“Do me a favor,” he said, barely parting his lips as he spoke. “Just shut the fuck up.”
Chapter 39
THERE WAS A large coffee and a box of Krispy Kreme doughnuts sitting on my desk with a note taped to the top.
Sorry about Spence. He means well. Xxx, K-Mac
Kylie was sitting at her desk munching on the last few morsels of a glazed doughnut. “I took one,” she said, washing it down with coffee. “The other eleven are all yours.”
“I appreciate the gesture, but don’t you think that’s profiling? Cops and doughnuts?”
“For the record, I did not give Spence your number,” she said. “He found it in my cell.”
“Did he share his theory with you, or shall I?”
“He laid it on me this morning,” she said. “The powers that be in Los Angeles come up with a devious plan to cripple film production in New York.”
“Devious and dastardly,” I said. “The kind of scenario where you definitely expect to see Lex Luthor.”

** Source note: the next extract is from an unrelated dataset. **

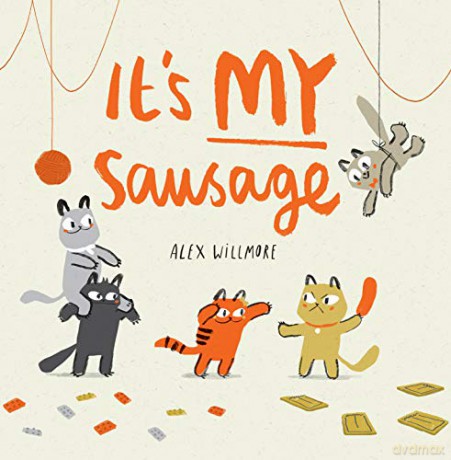 It's MY Sausage - Alex Willmore [KSIĄŻKA]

“I know it’s off-the-wall,” she said, “but at least you have to give him points for creativity.”
“Creativity? No wonder I can’t crack this case. Like an idiot, I’ve been trying to connect the facts.”
“That’s the difference between police work and the television business,” Kylie said. “As far as TV people are concerned, reality is highly overrated. They would never let it get in the way of their thinking.”
“Yesterday was only our first day working together,” I said. “But now that I have some insight into your husband, I’m wondering how many times a week you had to buy doughnuts for your former partners.”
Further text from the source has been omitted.